*** Data to use

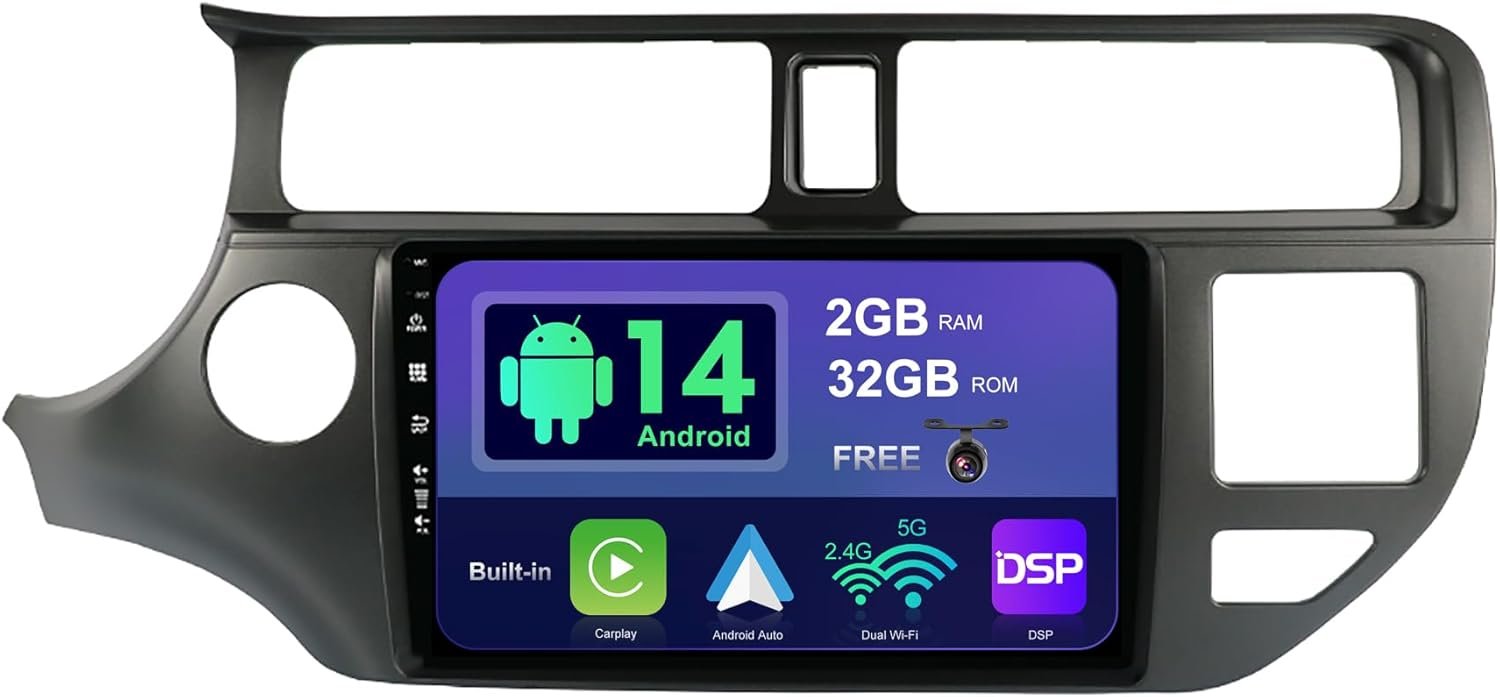 Штатна автомагнітола SXAUTO для Kia K3 Rio 2011-2015 / 9" / Сенсорна / 2/32Гб / Android 14 / Apple CarPlay / Android Auto / Bluetooth / WI-FI / GPS / USB, фото №1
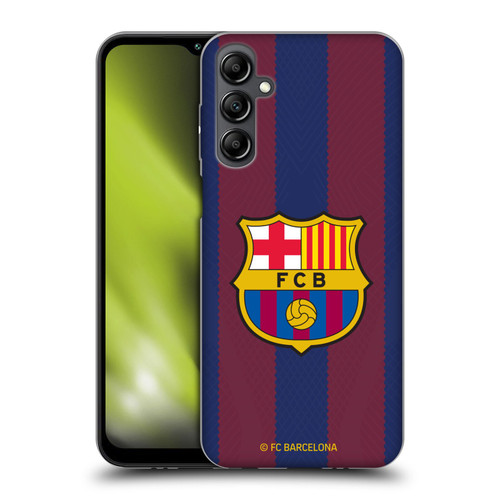 FC Barcelona 2023/24 Crest Kit Home Soft Gel Case for Samsung Galaxy M14 5G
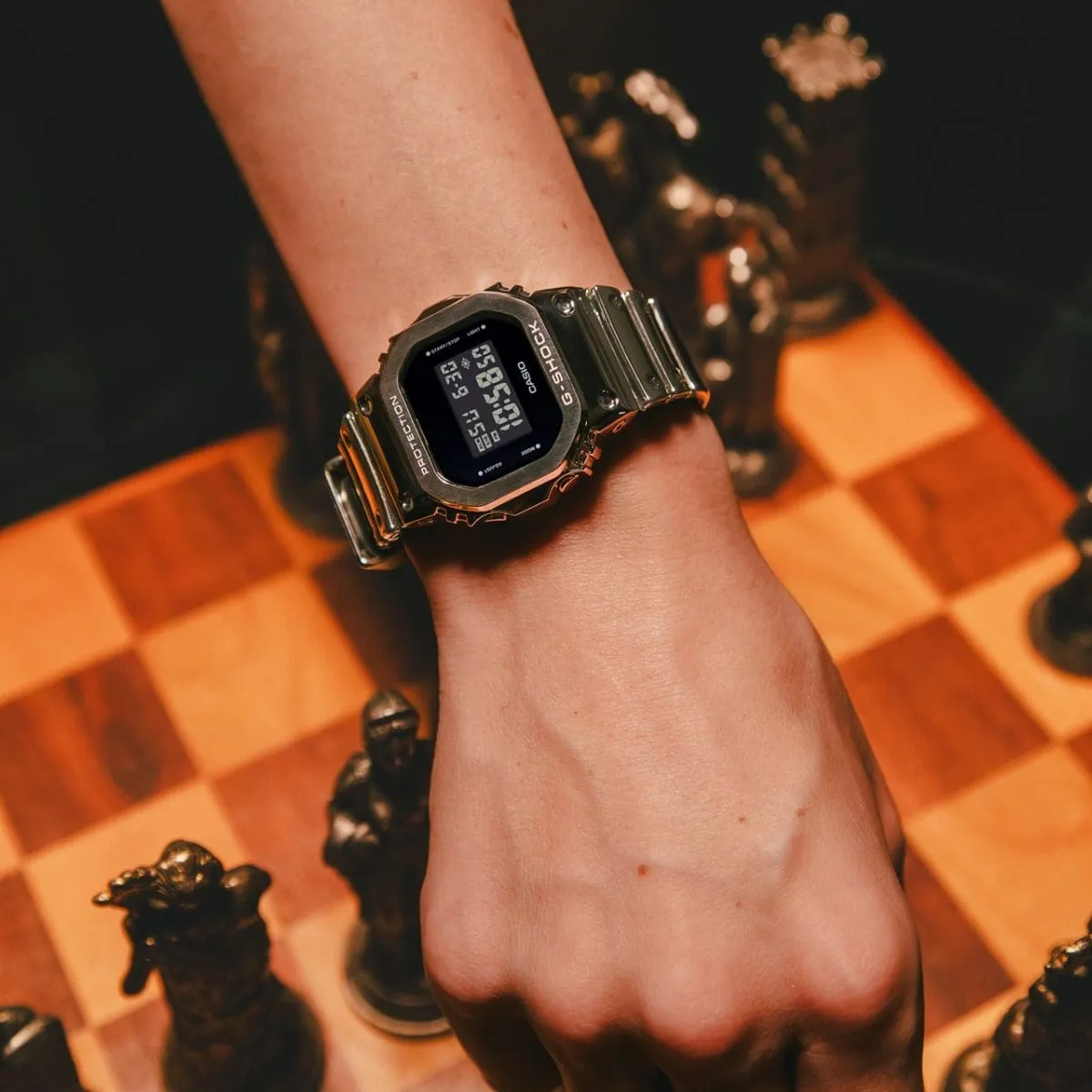   G-SHOCK GM-5600YM FINE METALLIC SERIES DIGITAL RESIN WATCH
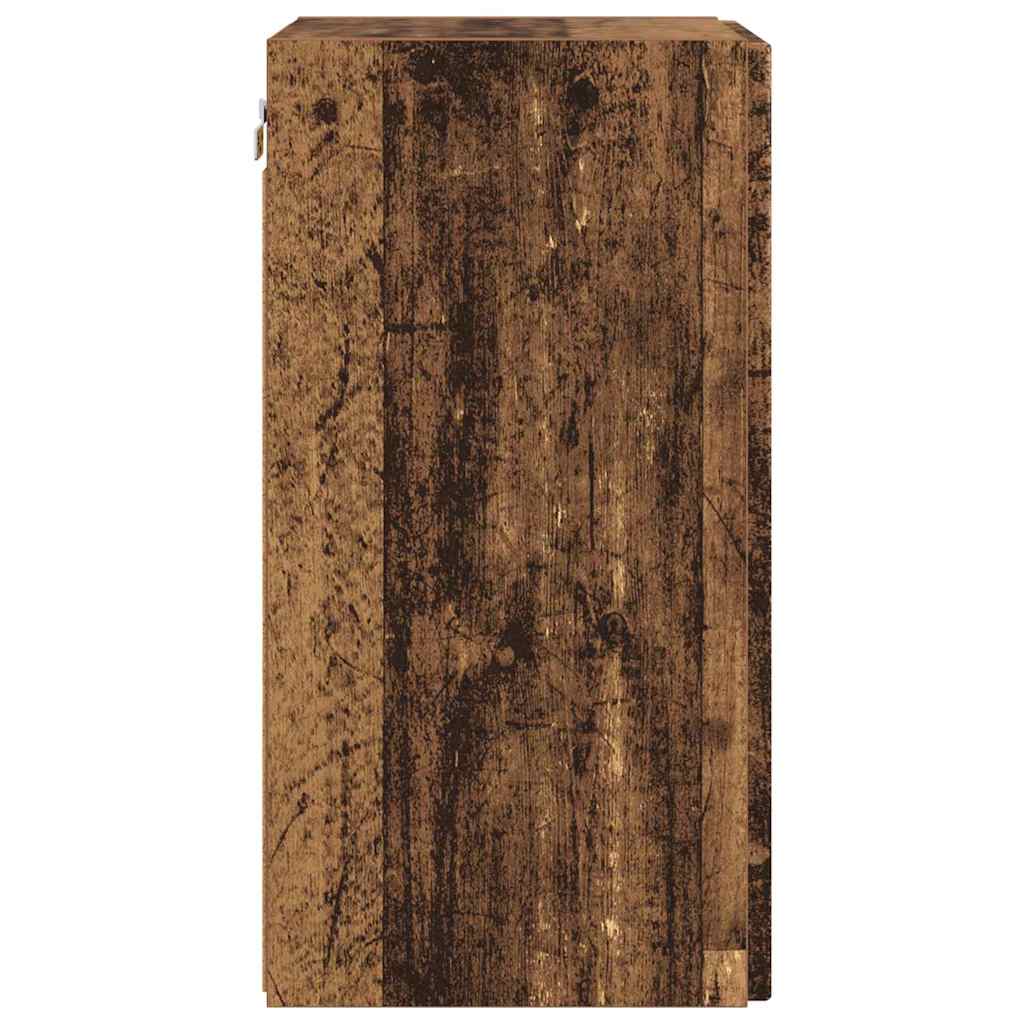 TV Wall Cabinet 2 pcs Old Wood 30 x 31 x 60 cm Engineered Wood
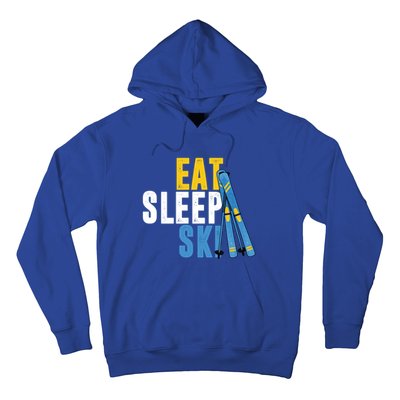 Eat Sleep Ski Skiing Winter Sports Mountain Skier Gift Hoodie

******

**Work required:** Copy every record exactly, dropping the images.

**Task response:**
 Штатна автомагнітола SXAUTO для Kia K3 Rio 2011-2015 / 9" / Сенсорна / 2/32Гб / Android 14 / Apple CarPlay / Android Auto / Bluetooth / WI-FI / GPS / USB, фото №1
 FC Barcelona 2023/24 Crest Kit Home Soft Gel Case for Samsung Galaxy M14 5G
   G-SHOCK GM-5600YM FINE METALLIC SERIES DIGITAL RESIN WATCH
 TV Wall Cabinet 2 pcs Old Wood 30 x 31 x 60 cm Engineered Wood
 Eat Sleep Ski Skiing Winter Sports Mountain Skier Gift Hoodie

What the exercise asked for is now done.